#### WHAT IS REQUIRED
Repeat exactly the lines of the material below that run from the "Immunohistochemical analysis of ALDOC" line to the "IHC analysis of" line, including both, and do not carry over any pictures.

#### GIVEN RECORDS
-------------------------
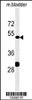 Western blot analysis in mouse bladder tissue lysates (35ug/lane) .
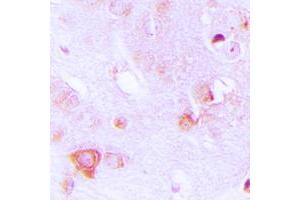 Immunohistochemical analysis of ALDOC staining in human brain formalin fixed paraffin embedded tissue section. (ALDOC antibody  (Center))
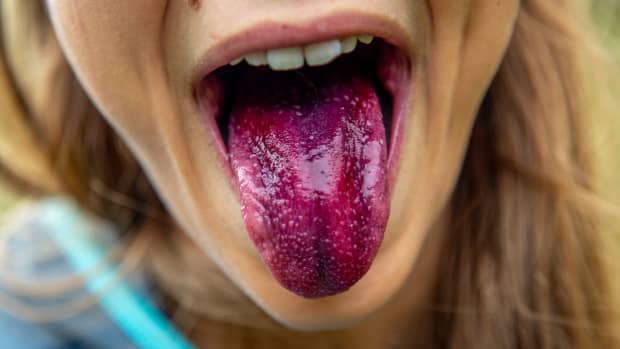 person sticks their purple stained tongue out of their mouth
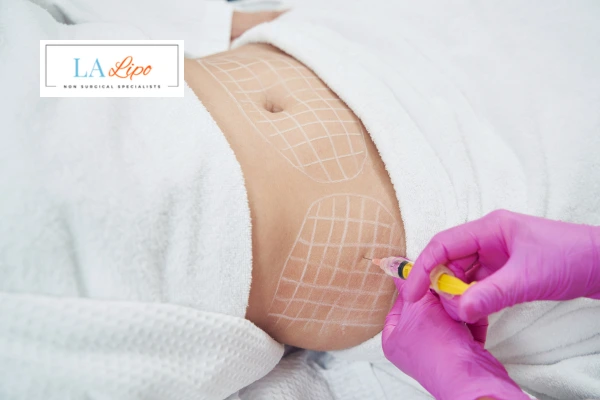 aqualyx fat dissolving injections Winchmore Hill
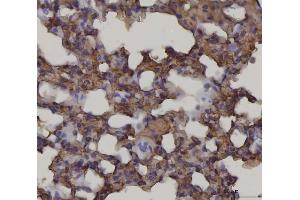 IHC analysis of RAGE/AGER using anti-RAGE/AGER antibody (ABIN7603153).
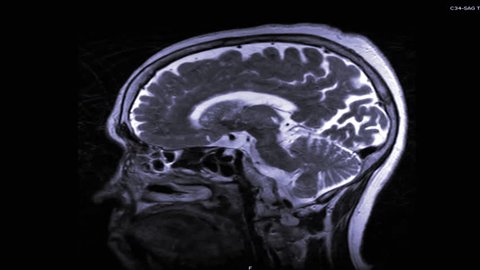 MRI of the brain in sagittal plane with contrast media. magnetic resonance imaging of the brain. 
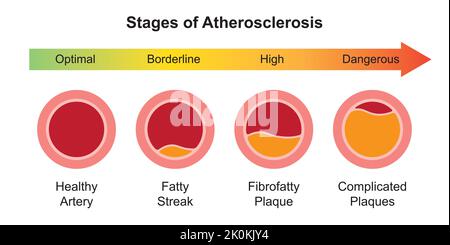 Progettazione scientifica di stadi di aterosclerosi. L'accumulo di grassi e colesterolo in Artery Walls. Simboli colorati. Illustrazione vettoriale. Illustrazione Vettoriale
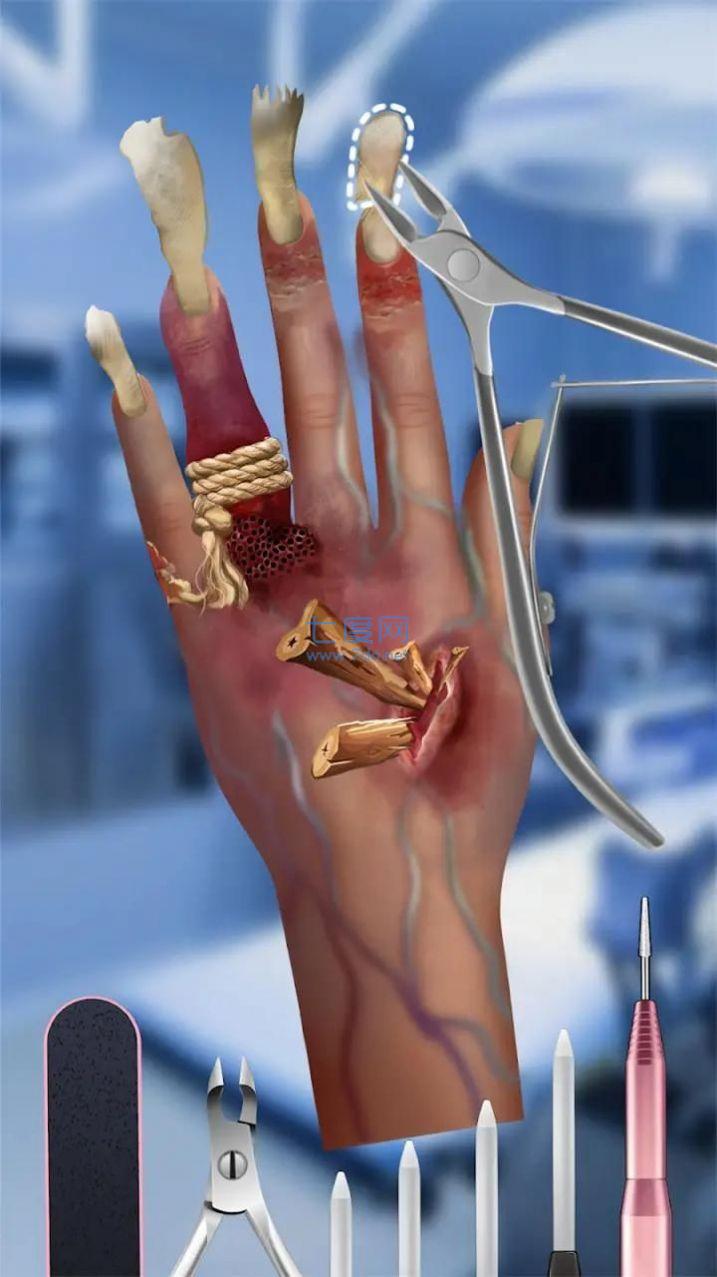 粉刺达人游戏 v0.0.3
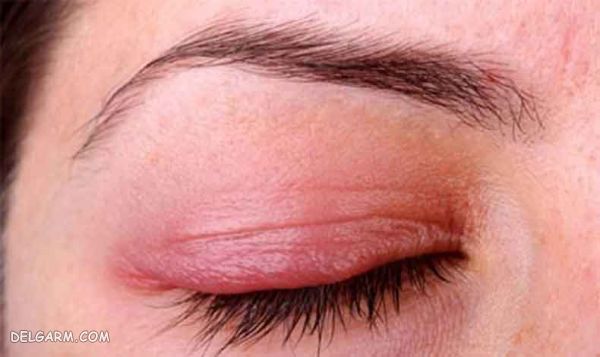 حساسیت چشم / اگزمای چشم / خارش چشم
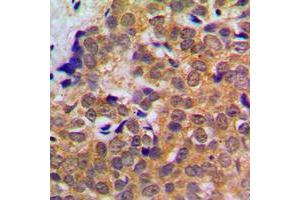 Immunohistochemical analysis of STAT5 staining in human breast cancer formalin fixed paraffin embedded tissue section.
-------------------------
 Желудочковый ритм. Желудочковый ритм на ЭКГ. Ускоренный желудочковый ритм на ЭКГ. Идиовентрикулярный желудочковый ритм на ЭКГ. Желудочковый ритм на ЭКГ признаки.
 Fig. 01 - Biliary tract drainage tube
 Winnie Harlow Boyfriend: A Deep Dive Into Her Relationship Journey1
-------------------------
#### RESULT
 Immunohistochemical analysis of ALDOC staining in human brain formalin fixed paraffin embedded tissue section. (ALDOC antibody  (Center))
 person sticks their purple stained tongue out of their mouth
 aqualyx fat dissolving injections Winchmore Hill
 IHC analysis of RAGE/AGER using anti-RAGE/AGER antibody (ABIN7603153).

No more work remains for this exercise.